Arzneimittel und Therapie

Osteoporose: Langkettiges Parathormon-Analogon zugelassen

Die europäische Zulassungsbehörde EMEA hat am 24. April 2006 unter dem Handelsnamen Preotact® ein naturidentisches, langkettiges rekombinantes humanes Parathormon (PTH 1-84) für postmenopausale Osteoporose-Patientinnen mit hohem Frakturrisiko zugelassen, wie die Nycomed Pharma GmbH mitteilte. Die Einführung in Deutschland ist für die zweite Jahreshälfte geplant. Preotact® wird von den Patientinnen selbst als einfach anzuwendende tägliche subkutane Injektion mit einem Pen verabreicht.

In Deutschland leiden derzeit mehr als 7,8 Millionen Menschen im Alter von mehr als 50 Jahren an einer Osteoporose, was rund einem Viertel der Bevölkerung in dieser Altersgruppe entspricht. Der Verlust der Knochenmasse verläuft progredient und bis zum Auftreten der ersten Fraktur meist unbemerkt.

Mit einer effektiven Osteoporose-Therapie soll der Knochenmasseverlust aufgehalten und die Knochendichte und -stärke erhöht werden, damit letztendlich Frakturen vermieden werden.

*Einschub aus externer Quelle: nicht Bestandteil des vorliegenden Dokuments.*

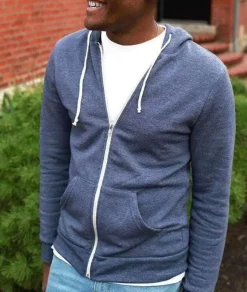 Nayked Apparel Shirts>Men'S Ridiculously Soft Vintage Recycled Fleece Full-Zip Hoodie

Regulation der Calciumhomöostase

Parathormon (PTH) kann bei Osteoporose zur Stimulation der Knochenneubildung eingesetzt werden. Das aus 84 Aminosäuren bestehende Parathormon ist der Hauptregulator des Calcium- und Phosphatstoffwechsels in Knochen, Nieren und Intestinaltrakt. Das Hormon wird im Organismus von den Nebenschilddrüsen gebildet. Unter normalen physiologischen Bedingungen dient es vor allem zur Regulation der Calciumhomöostase im Blut. Die Parathormon-Sekretion wird direkt durch den Serumcalciumspiegel gesteuert. Ein Abfall des Serumcalciums bewirkt einen rasch einsetzenden Anstieg der Konzentration von Parathormon im Blut. In den Nieren wird die Calciumrückresorption aus dem Primärurin gesteigert. Außerdem stimuliert Parathormon die Bildung von Calcitriol (der aktiven Hormonform von Vitamin D) und steigert somit auch die Aufnahme von Calcium aus dem Darm. Um den Calciumspiegel im Blut zusätzlich wieder anzuheben, kommt es im Knochen zu einer erhöhten Knochenresorption und somit gesteigerter Calciumfreisetzung. Alle diese Mechanismen sorgen dafür, dass der Serumcalciumspiegel stets aufrecht erhalten wird.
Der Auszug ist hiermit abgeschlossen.